Frank and Jennifer Greco have run Astoria Coins and Collectibles on 30th Avenue since 1975. It was a coin shop before then too. Jennifer’s family owned the building, and the store first opened when she was around eight years old. “I used to come in all the time with my Dad,” she says. “I grew to love the shop and the idea of collecting coins…I guess it is in my blood now.”
She was fifteen when she met Frank. They were both working at Key Food supermarket, at the time located not on 30th Ave as it is now but on 31st Street, between 21st Avenue and Ditmars. Frank left Key Food after the couple had their children, as he was working really long hours. He got a job with Air Canada at JFK airport and began working in the coin shop as well on Saturdays. Then when he was laid off, he made the coin shop his full time vocation.

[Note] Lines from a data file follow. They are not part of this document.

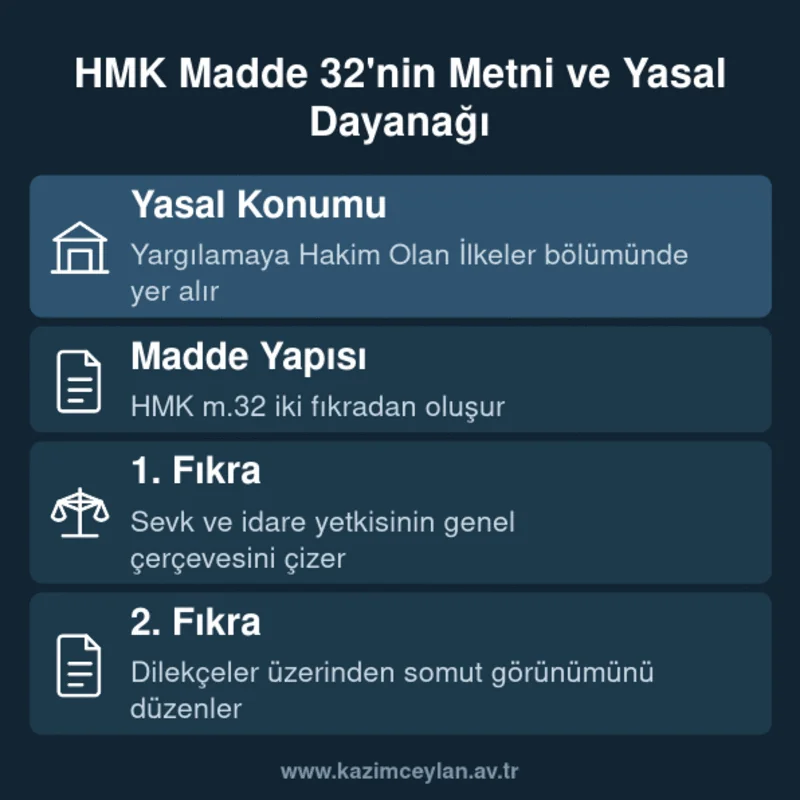 HMK Madde 32 Metni ve Yasal Dayanağı HMK m.32'nin fıkra yapısını ve yasal konumunu gösteren özet kart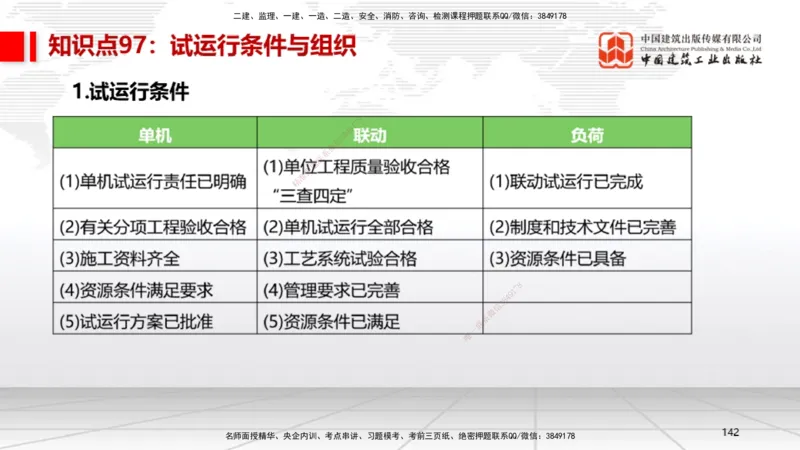 02节2025一建《机电》考前压轴预测课（09.16）_2026年一级建造师_2026年一建机电_2025年一建机电SVIP_04-冲刺串讲✿考点强化✿小灶集训_97-机电《考前压轴预测》闫娜JGS_讲义
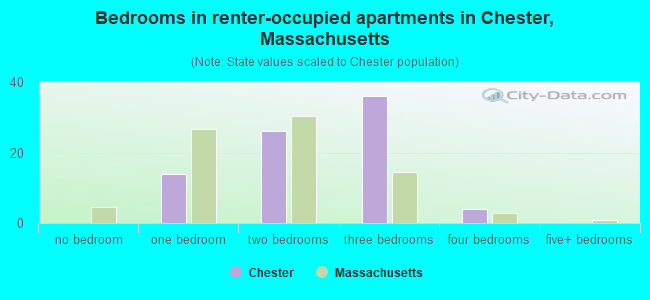 Bedrooms in renter-occupied apartments in Chester, Massachusetts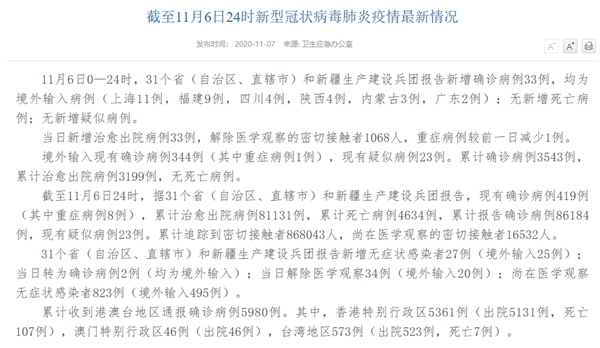 國家衛(wèi)健委：11月6日新增確診病例33例均為境外輸入病例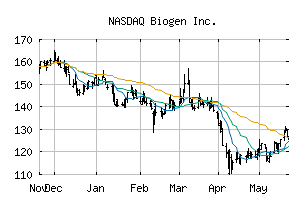 NASDAQ_BIIB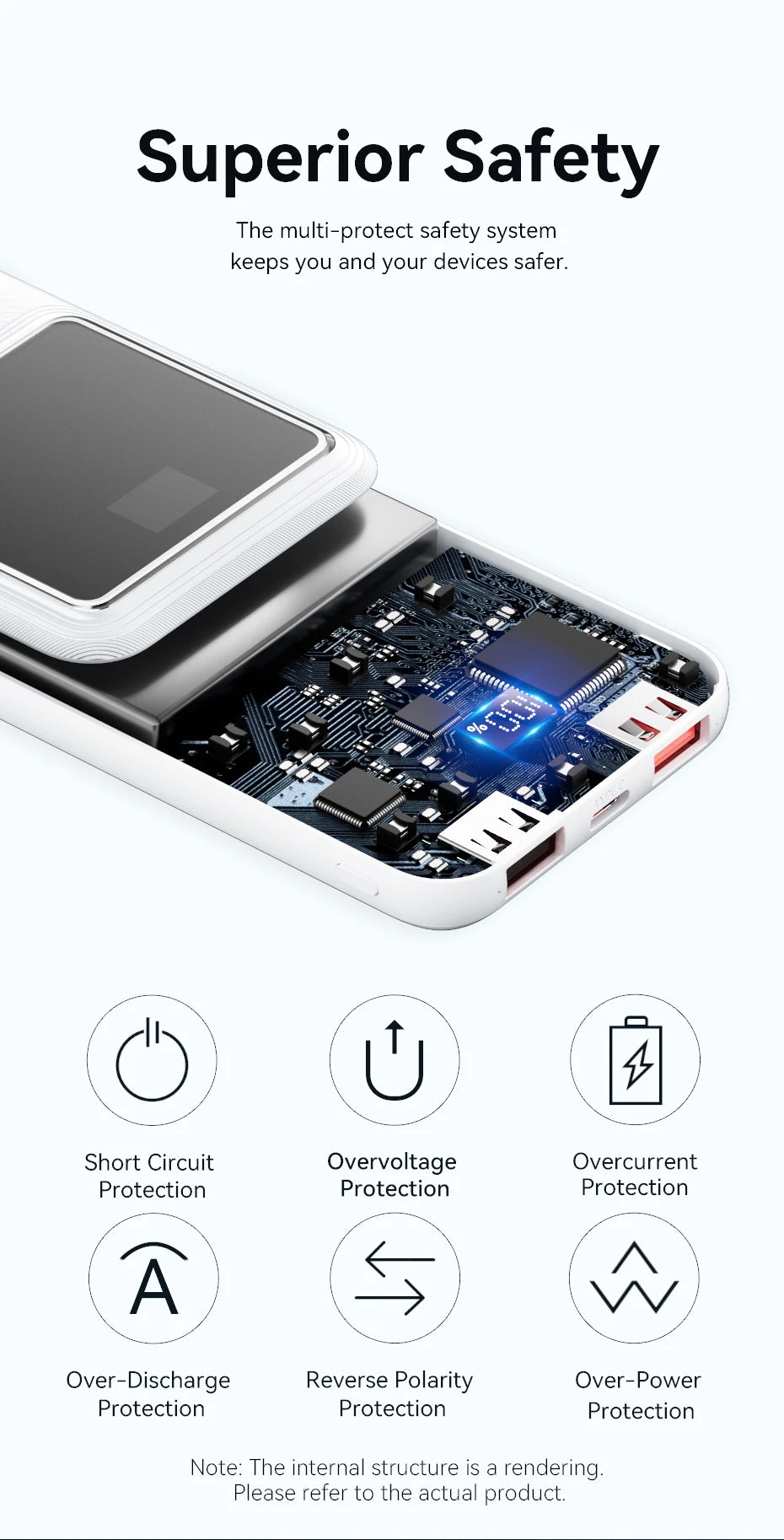 Vention 10000mAh Power Bank — 22.5W com Cabo USB‑C Integrado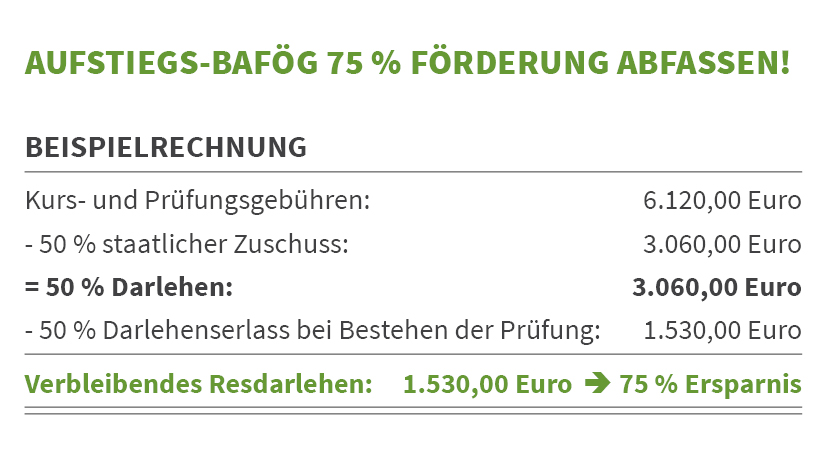 AFBG-Förderung bis zu 75 %
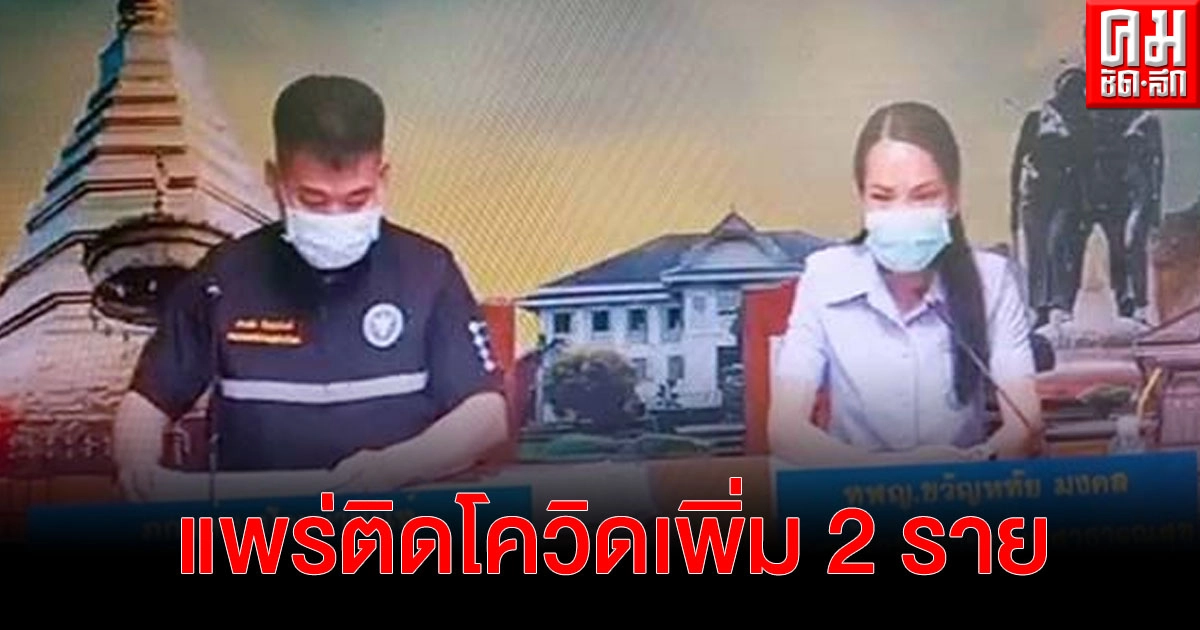 "จว.แพร่" ติดโควิดเพิ่ม 2 ราย เป็นหญิงพนักงานบริษัทและข้าราชการ พร้อมเผยไทม์ไลน์ "จว.แพร่" ติดโควิดเพิ่ม 2 ราย เป็นหญิงพนักงานบริษัทและข้าราชการ พร้อมเผยไทม์ไลน์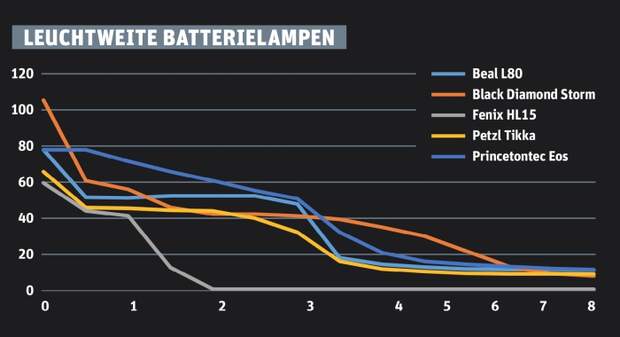OD 1217 Stirnlampen Test Grafik Leuchtweite Batterie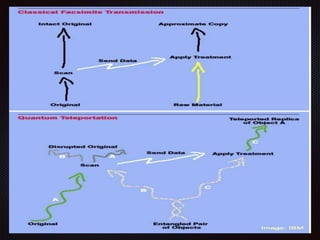 Quantum teleportation
Quantum teleportation is a technique used to
transfer information on a quantum level, usually
from one particle to another.
Its distinguishing feature is that it can transmit the
information present in a quantum superposition,
useful for quantum communication and
computation.
 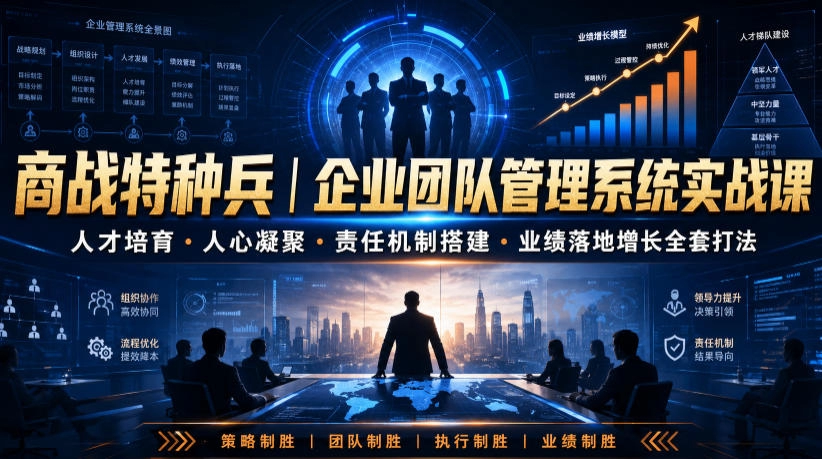 商战特种兵|企业团队管理系统实战课人才培育・人心凝聚・责任机制搭建・业绩落地增长全套打法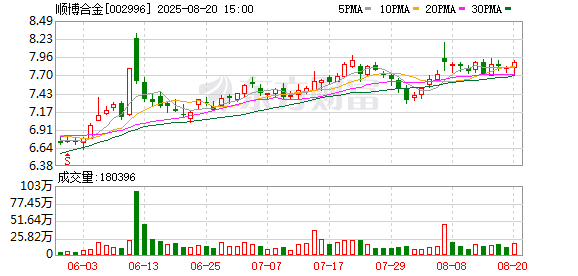 创达盈 顺博合金：上半年净利润同比增长110.56%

Their two sons and daughter are now grown up: the middle son, Robert, works in the coin store too.
“It’s the whole thing,” Frank says, on why he is passionate about working with coins. “It’s a history lesson, really. For example you start thinking about the movies, and John Wayne when he used to go into a bar with a silver dollar and get a whole bottle and a meal, and maybe even a woman and still get change!”
The store focuses on US coins, but also sells coins from many other countries. Frank says that there used to be more coin shops, particularly in Manhattan. But given the increasing rents and rise of the internet there are far fewer now. He himself does a lot of business on the internet, while also sourcing coins from customers who bring them in, dealers who go from store to store, and shows.
The display cases that run the length of the store are crammed with clearly-labeled coins, each of which conveys a story. Recently among them were a coin commemorating Abraham Lincoln’s 1860 address at Cooper Union before he became President, and a more recent coin marking the diamond jubilee of Queen Elizabeth II in the UK.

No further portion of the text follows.